Sedir tahta sandalye ve kilimler serili olan evimizi özlüyorum çoğu zaman. Kilimler, sedir örtüleri çırpılır, ev süpürülür, silinir, serilirdi. Yılda bir iki kez yıkanırdı kuyu başında tokaçlanarak kilim ve örtüler. Tabanı tahta olan evimizin yerleri tellendiğinde, limon gibi sapsarı olan tahta döşemenin kokusu hâlâ burnuma gelir zaman zaman. Küçük pencerelerimizin camlarını silmek de kolaydı. Pencere önlerimiz, geniş pervazlardaki Vita kutularında renk renk sardunya, begonya yaprak ve camgüzeli çiçeklerimizle cıvıl cıvıldı. Bahçemizde sebzenin her türü yetiştirilir, manav pazar bilmezdik.

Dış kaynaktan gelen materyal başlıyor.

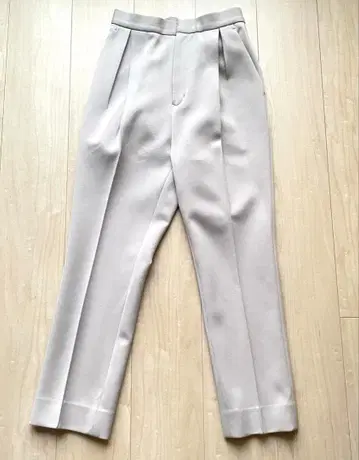 Sov. 팬츠 플리츠, 센터라인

Bahçemizin etrafına babacığımın diktiği rengârenk hatmi çiçekleri doğal çit olurdu. Çiçeklerin sonbaharda dökülen tohumları baharda yeniden fışkırır, renk cümbüşü oluştururlardı. Şimdi ise baharda ekilen çiçekler yaz sonunda sökülüyor, kış çiçekleri dikiliyor. Buna ne can, ne para dayanıyor elbette.

Yemek meselesine gelince…

Çocuklarımız evde pişirilen yemeklere burun kıvırıyor, dışarıda yemek istiyorlar. Suşi, hamburger, pizza, kumpir ve daha ismini bilemediğim bir sürü saçma sapan yiyecekleri tercih ediyorlar. Yüzlerce lira ödetiyor, sağlıklarından oluyorlar üstelik. Eskiden kalan tek yiyecek “yumurta”… Lop, tavada ya da rafadan… Onlar da ne kadar sağlıklı tavuklardan alınıyor?

Her sebze meyve mevsiminde bulunur, lezzetlerine, tatlarına doyulmazdı. Her mevsim her sebze meyve var ama tat ve lezzet yok. Anneciğimin baharda kırlardan topladığı ebegümeci, cırnak, yemlik, dedemsakalı, sirken, hardal, karahindiba otlarından yaptığı salata ve kavurmaların tadına doyulmazdı.

Evimiz Atatürk Orman Çiftliği’ne ait bir tarlanın kenarındaki lojmandı. Bir yıl arpa, bir yıl pancar ekilirdi o tarlaya. Pancarın taze yapraklarını soğan ve yumurta ile kavururdu anacığım. Kendi mayaladığı yoğurtla yemeye bayılırdık. Kış başlarken birer çuval patates, soğan, kuru fasulye, bulgur, kırmızı mercimek alınır, kış boyu bunlardan yapılan yemeklerle beslenirdik. Arada köfte, hamsi, et pişirilirdi. Ve bizler çok sağlıklı çocuklardık. Kolay kolay hasta olmazdık. Benim tek hastane maceram, bir çoban köpeği tarafından kötü bir şekilde ısırıldığım için olmuştur. 41 gün kuduz aşısı için anacığım hastaneye taşımıştı beni. Onun dışında hastane, doktor bilmedik. Sekiz köpeğin saldırısına uğramış, büyük yaralar almıştım. Tedavi süreci o yüzden uzun sürmüştü. İlkokul beşinci sınıfta bu yüzden bir yıl kaybetmiştim devamsızlıktan. Sol dizimin iç tarafından koca bir parça koparmıştı çoban köpeği Sırtlan. Çiftliğin ağılları da aynı arazide olduğundan yaşamıştım bu talihsizliği.

Son söz

İslâm der ki, “Yiyiniz, içiniz, israf etmeyiniz!”. Artık bu düstura hiç uyulmadığı için bet bereket kalmadı. “Geçinemiyoruz, hayat pahalı” diye feryâd edenler bunun farkında bile değiller. Çöplerde hiç bölünmemiş bütün ekmekler, çocuklarına beğendirip yediremedikleri yemekler, birkaç kere giyip bıkılarak çöplere bırakılan sapasağlam giysiler, ayakkabılar var. Ama “Bir fakire yardım et” deyince duymazdan gelen insanlar da var. “Bir pirinç tanesi tabağınızda kalmayacak” diyen babacığım, “Son kalan lokmanı çatlasan da bitireceksin” diyen anacığım bu zaman yaşasalardı, kahırlarından ölürlerdi eminim. Eminim, vicdanı olan her duyarlı Müslüman benim gibi hissediyordur.

Allah’ım! İçimizdeki müsrifler, isyankârlar, kadir bilmezler ve vatan hainleri yüzünden bizleri helâk etme… (Âmin.)